▶ [YOUR GOAL]: Exact reproduction is required for the lines below starting at the line with "Bissell CleanView Compact" and ending at the line with "Dënohet me 18", both included. No other lines, and no pictures.

▶ [GIVEN DATA]:
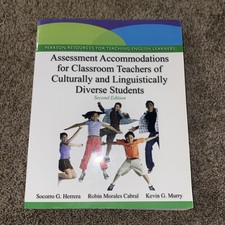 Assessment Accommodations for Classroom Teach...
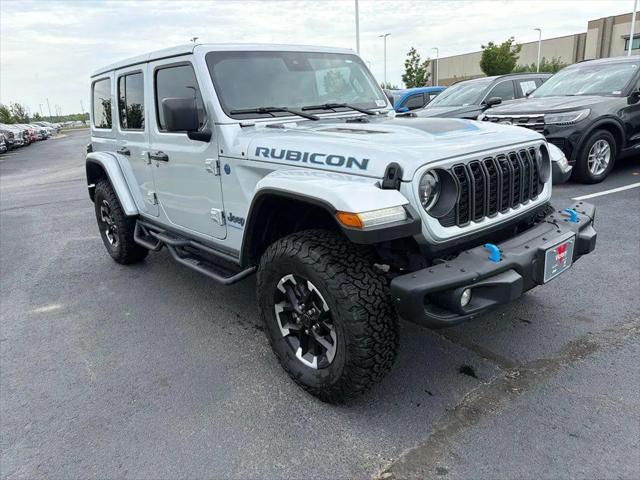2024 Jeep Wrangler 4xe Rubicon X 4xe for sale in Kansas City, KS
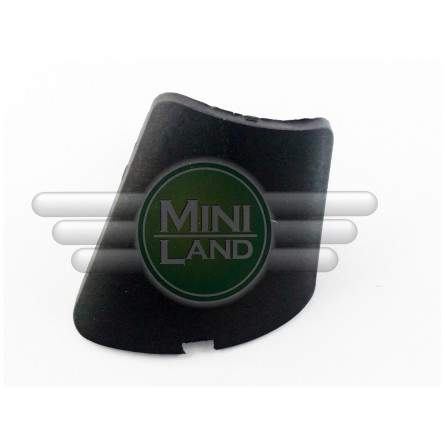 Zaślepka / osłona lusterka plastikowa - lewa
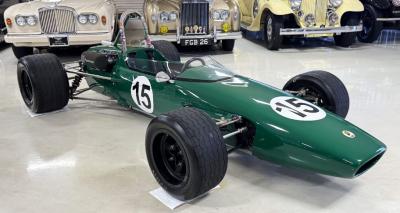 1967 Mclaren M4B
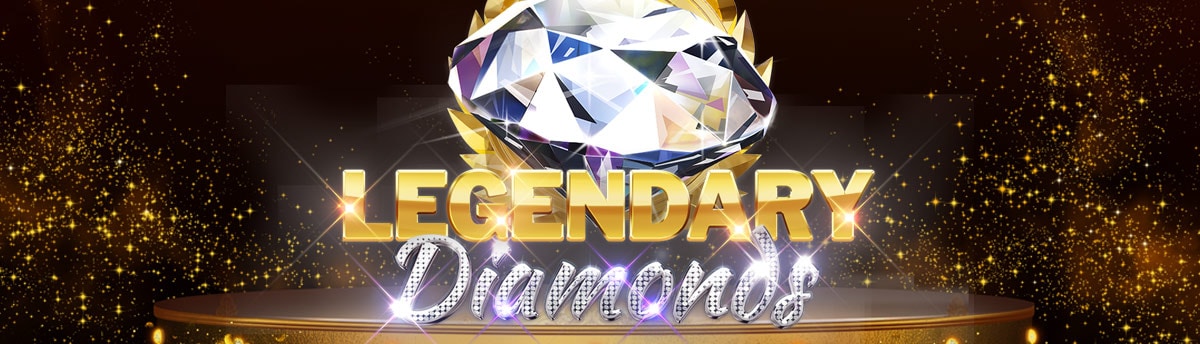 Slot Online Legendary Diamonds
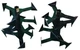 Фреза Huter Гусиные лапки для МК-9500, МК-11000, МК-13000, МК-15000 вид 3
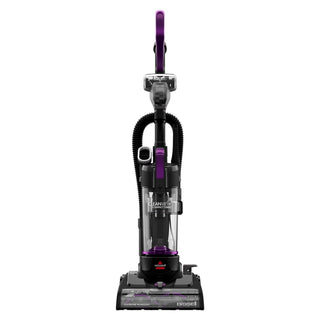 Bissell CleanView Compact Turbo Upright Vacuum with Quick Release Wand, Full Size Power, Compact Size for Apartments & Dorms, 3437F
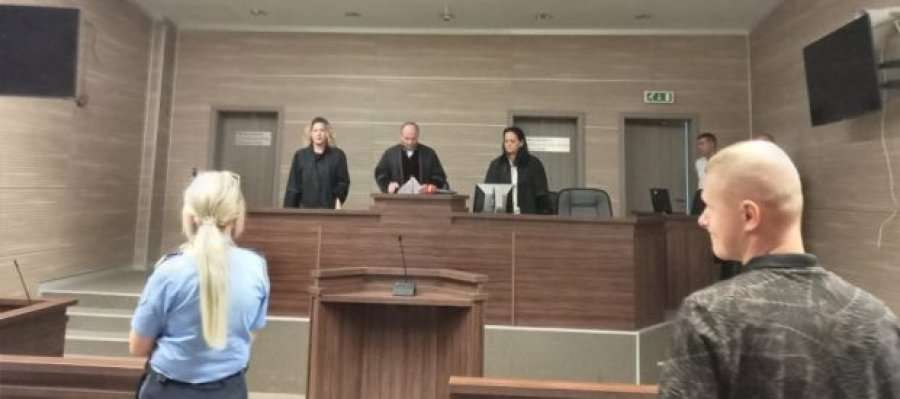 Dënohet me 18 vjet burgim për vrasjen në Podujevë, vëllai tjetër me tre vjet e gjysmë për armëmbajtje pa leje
...
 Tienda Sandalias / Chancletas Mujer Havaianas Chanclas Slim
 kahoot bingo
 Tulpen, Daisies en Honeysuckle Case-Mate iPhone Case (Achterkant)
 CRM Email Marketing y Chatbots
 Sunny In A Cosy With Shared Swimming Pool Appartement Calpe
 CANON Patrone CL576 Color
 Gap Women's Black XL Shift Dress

▶ [EXPECTED OUTPUT]:
 Bissell CleanView Compact Turbo Upright Vacuum with Quick Release Wand, Full Size Power, Compact Size for Apartments & Dorms, 3437F
 Dënohet me 18 vjet burgim për vrasjen në Podujevë, vëllai tjetër me tre vjet e gjysmë për armëmbajtje pa leje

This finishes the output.